Ok, this flat file is just what we want. It contains the flux as a function of time for unique sources, with additional metadata flags.


In [7]:
import glob

In [8]:
fns = glob.glob('../data/dr2/Gaia/gdr2/light_curves/csv/light_curves_*.csv.gz')

In [9]:
n_files = len(fns)

In [10]:
n_files


Out[10]:
551

It looks like the filename encodes the range of sources housed in each file. Let's extract that metadata without having to read the files.


In [11]:
fn_df = pd.DataFrame({'fn':fns})
fn_df.head()


Out[11]:
fn
0 ../data/dr2/Gaia/gdr2/light_curves/csv/light_c...
1 ../data/dr2/Gaia/gdr2/light_curves/csv/light_c...
2 ../data/dr2/Gaia/gdr2/light_curves/csv/light_c...
3 ../data/dr2/Gaia/gdr2/light_curves/csv/light_c...
4 ../data/dr2/Gaia/gdr2/light_curves/csv/light_c...

In [12]:
fn_df['basename'] = fn_df.fn.str.split('/').str[-1].str.split('light_curves_').str[-1].str.split('.csv.gz').str[0]

In [13]:
fn_df['low'] = fn_df.basename.str.split('_').str[0].astype(np.int64)
fn_df['high'] = fn_df.basename.str.split('_').str[1].astype(np.int64)

Now we can make a mask to find which file we want. Let's say we want the Gaia source: 66511970924353792


In [14]:
source = 66511970924353792
k2_source = 211059767
gaia_period = 0.771791

In [15]:
mask = (source > fn_df.low) & (source < fn_df.high)

In [16]:
mask.sum()


Out[16]:
1

In [17]:
path = fn_df[mask].fn.values[0]

In [18]:
df_lc = pd.read_csv(path)

In [19]:
df_lc = df_lc[df_lc.source_id==source]

In [20]:
df_lc.shape


Out[20]:
(100, 12)

Not bad!

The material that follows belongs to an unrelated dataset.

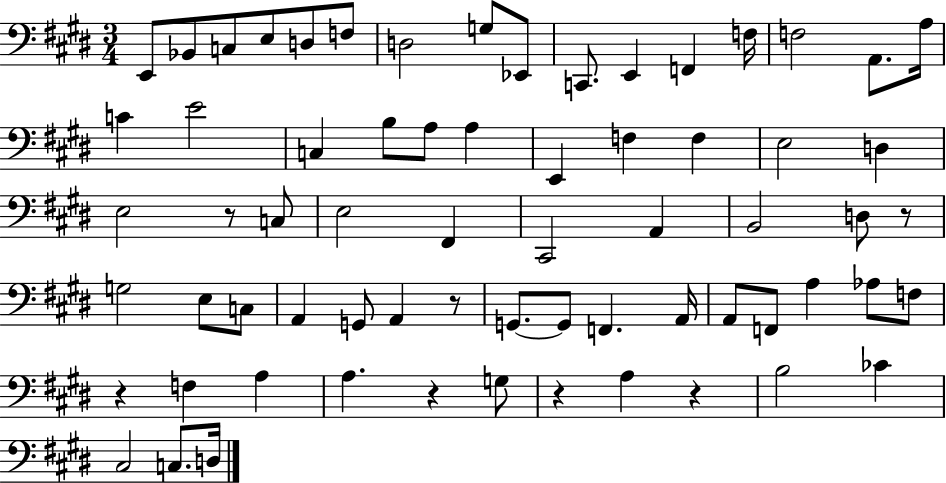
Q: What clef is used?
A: bass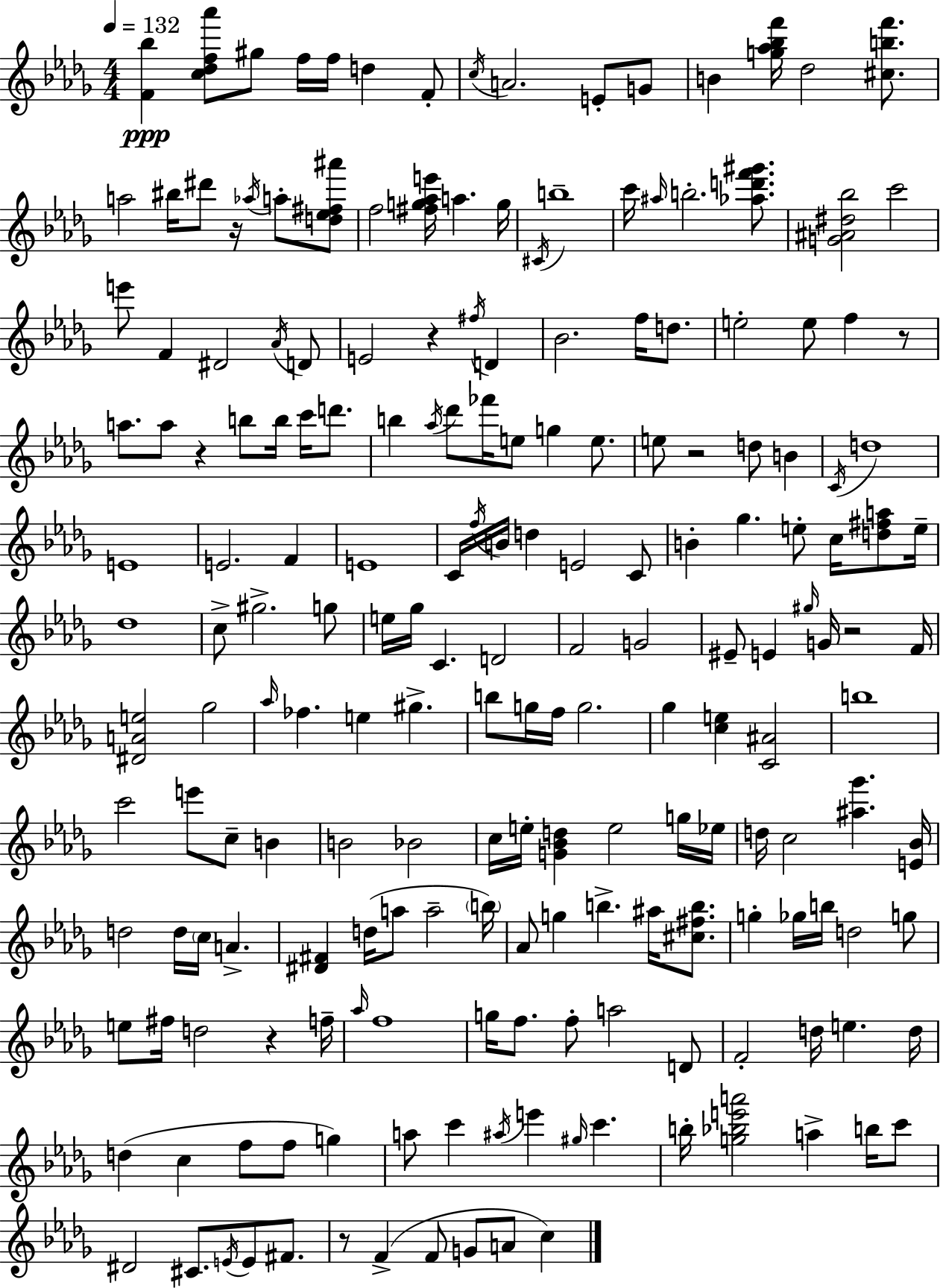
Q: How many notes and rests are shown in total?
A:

We have a 96 point lightcurve!


In [21]:
df_lc.band.value_counts()


Out[21]:
G     36
RP    33
BP    31
Name: band, dtype: int64

In [22]:
gi = df_lc.band == 'G'
plt.plot(df_lc.time[gi], df_lc.flux[gi], '.')


Out[22]:
[<matplotlib.lines.Line2D at 0x105cea6a0>]

The Gaia photometry is taken over 500 days! The mean starspot coverage fraction is not expected to be coherent over such large timescales. There's a portion of the data that is taken contiguously. Let's highlight those.


In [23]:
plt.plot(np.mod(df_lc.time[gi], gaia_period), df_lc.flux[gi], '.')
alt = gi & (df_lc.time >1900) & (df_lc.time<1950)
plt.plot(np.mod(df_lc.time[alt], gaia_period), df_lc.flux[alt], 'o')


Out[23]:
[<matplotlib.lines.Line2D at 0x10f36d978>]

Seems plausible...


In [24]:
30.0*4000


Out[24]:
120000.0

In [25]:
from lightkurve import KeplerTargetPixelFile

In [26]:
tpf = KeplerTargetPixelFile.from_archive(k2_source)


Found 1 File(s)
INFO: Found cached file ./mastDownload/K2/ktwo211059767-c04_lc/ktwo211059767-c04_lpd-targ.fits.gz with expected size 3808135. [astroquery.query]

In [27]:
k2_lc = tpf.to_lightcurve()
k2_lc = k2_lc[(k2_lc.flux == k2_lc.flux) & np.isfinite(k2_lc.flux) & (k2_lc.flux_err == k2_lc.flux_err)]
tpf.interact(lc=k2_lc)


Loading BokehJS ...

The full K2 postage stamp contains another source, which would have easily been separated in Gaia.


In [28]:
# %load https://www.astroml.org/gatspy/periodic/lomb_scargle-1.py

In [29]:
from gatspy import periodic

In [30]:
model = periodic.LombScargle()
model.optimizer.period_range = (0.5, 1)
model.fit(k2_lc.time, k2_lc.flux, k2_lc.flux_err)


Out[30]:
<gatspy.periodic.lomb_scargle.LombScargle at 0xa16a07400>

In [31]:
periods = np.linspace(0.5, 1, 10000)

import warnings
with warnings.catch_warnings():
    warnings.simplefilter("ignore")
    scores = model.score(periods)

# Plot the results
fig, ax = plt.subplots(figsize=(8, 3))
fig.subplots_adjust(bottom=0.2)
ax.plot(periods, scores)
ax.set(xlabel='period (days)', ylabel='Lomb Scargle Power')


Out[31]:
[Text(0,0.5,'Lomb Scargle Power'), Text(0.5,0,'period (days)')]

In [32]:
model.best_period


Finding optimal frequency:
 - Estimated peak width = 0.0886
 - Using 5 steps per peak; omega_step = 0.0177
 - User-specified period range:  0.5 to 1
 - Computing periods at 356 steps
Zooming-in on 5 candidate peaks:
 - Computing periods at 1000 steps
/Users/obsidian/anaconda3/lib/python3.6/site-packages/gatspy/periodic/_least_squares_mixin.py:79: RuntimeWarning: divide by zero encountered in true_divide
  P = chi2_0_minus_chi2 / chi2_ref
Out[32]:
1.002829744214618

Gaia has 0.771791, close!


In [33]:
plt.plot(np.mod(df_lc.time[gi], 0.7779122), df_lc.flux[gi], '.')


Out[33]:
[<matplotlib.lines.Line2D at 0xa16b5a0f0>]

Maybe slightly better coherence than the Gaia-based estimate.